What you would like is a tool that would look at your test requirements and the program, and then spit out the ten different test requirements that you missed. Such a tool does not and cannot exist. So you do a series of approximations. A simple approximation is to run all your tests, and then look at the program and see which lines of code have never been executed. Because, if there is a defect in a line of code, and that line of code has never been executed, you are certainly not going to find the defect. A really good job of test design should exercise all the lines of code. Knowing that some line of code was not executed tells you that you did not do a really good job, and it tells you that you under-tested the features associated with that line of code.

For example, say you are testing a networking subsystem, and you find some lines of code that have never been executed.
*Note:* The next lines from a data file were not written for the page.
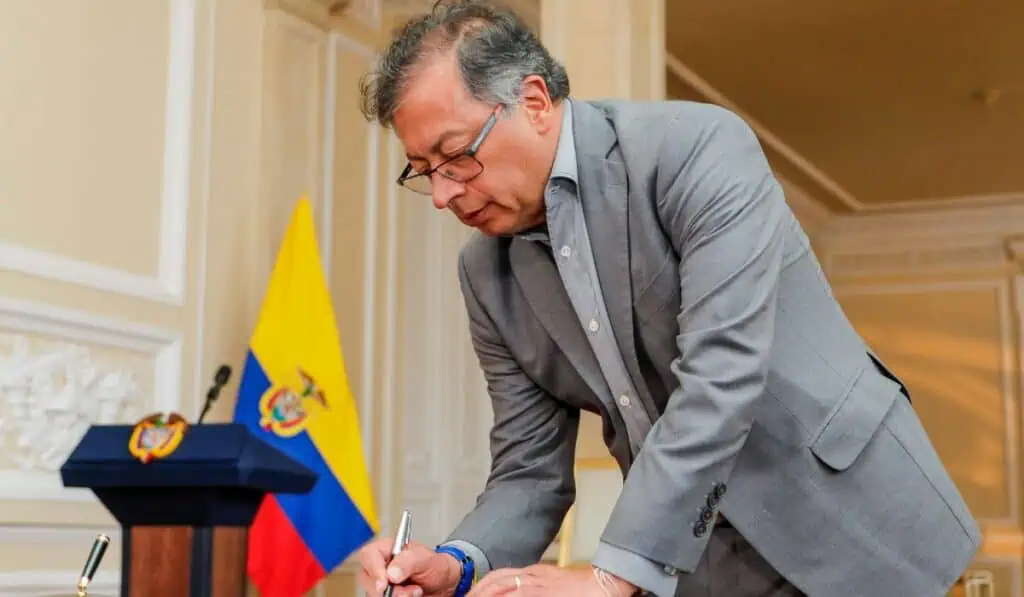 Presidente Petro confirma entrega de tierras de Argos en Montes de María Gustavo Petro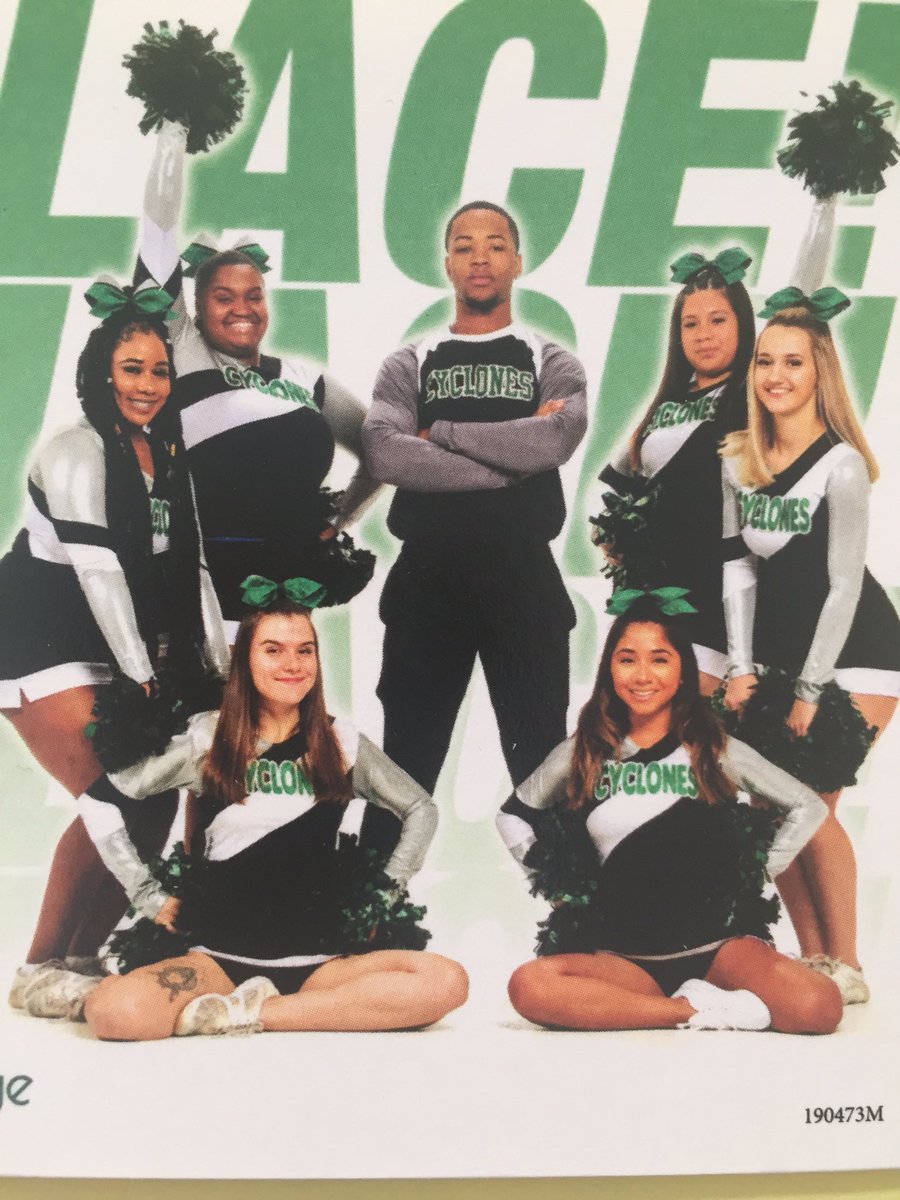 mvcc_cheer's tweet photo. It’s cold outside...so we’re turning up the heat! https://t.co/HrAHQmjleu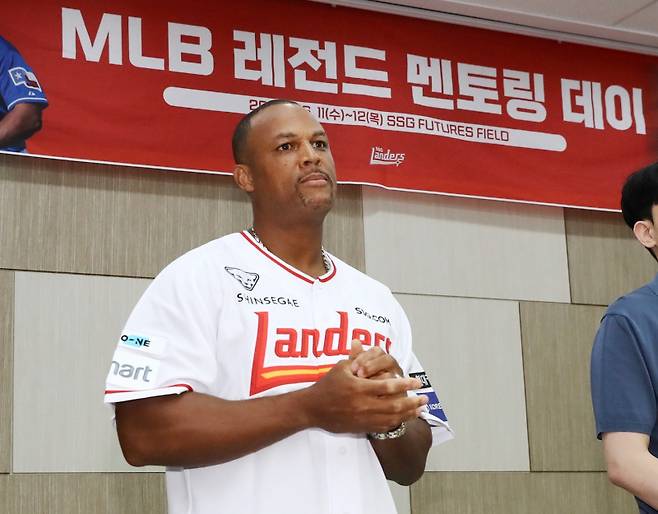 11일 강화 SSG 퓨처스필드에서 강연회를 가진 아드리안 벨트레. SSG 제공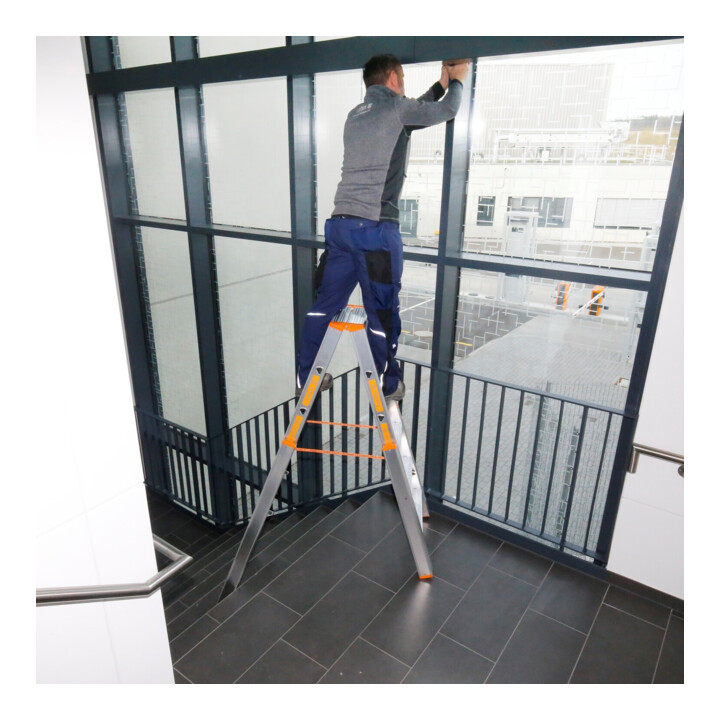 Layher Treppenstehleiter TOPIC 1062 2x7 Stufen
When you look at the unexecuted code, what you find is a whole bunch of code that looks like "If some error condition occurs, then handle the error." What you conclude from this is that you haven't tested error handling very well. For a networking protocol module this is a problem, because a lot of what a networking module does is handle errors. Now you go back and think about the types of errors this code is going to have to handle, and you design tests for error handling. This is the basic use of coverage. It is a way to point you back to some area in your test design that you didn't do well enough.

The danger of coverage is that people fall into the trap of just trying to execute the lines of code. What happens is you take the list of code line numbers that haven't been executed and just pick test cases to make sure you execute each line of code. The problem with this is that a good test suite will execute all the lines of code, but just executing all the lines of code doesn't mean your test suite is good. There are certain types of defects that are easy to miss simply by executing the lines of code. What you really wanted to know was "Have I covered 100% of the test requirements I should have?"

Q: What are the different types of code coverage and how do they help with understanding the completeness of test requirements?

People have invented a lot of different types of code coverage measures. Here are several that I find useful. Stronger than line coverage is branch coverage, where you exercise every branch in the code in both directions. So, for an "IF" statement, you want that branch to go in both the true and false directions. This also corresponds better to your test design. Your test design shouldn't be "How do I execute all the lines of code?" It should be based on thinking about the different input cases this code will have to handle. These input cases correspond more precisely to the branches in the program than they correspond to the lines. Therefore branch coverage gives you a more precise mapping back to your test design, which is better.

A little bit of an extension to branch coverage is multi-condition coverage. This deals with the situation where a branch has a compound condition. For example, for the condition is "IF a OR b", you could have one test where "a" and "b" are false, and another test where "a" is false and "b" is true. This satisfies branch coverage because you have taken the "IF" both ways. But it is kind of odd that "a" has always been false. What this means is you could take the "a" and lop it right out of the program, changing the "IF a OR b" to "IF b", and the test would work exactly the same. The branch would go in the same directions for these tests. So what this shows you is that you have tests that are not sufficient to detect when you lop out a chunk of the program. This should make you nervous. This is where multi-condition coverage comes in. It requires you to have tests where both "a" and "b" individually take on the values true and false. This is a little stronger than branch coverage, it doesn't cost much more than branch coverage, and I've known it to find problems that branch coverage did not. And it corresponds better than branch coverage to the type of test design you are doing.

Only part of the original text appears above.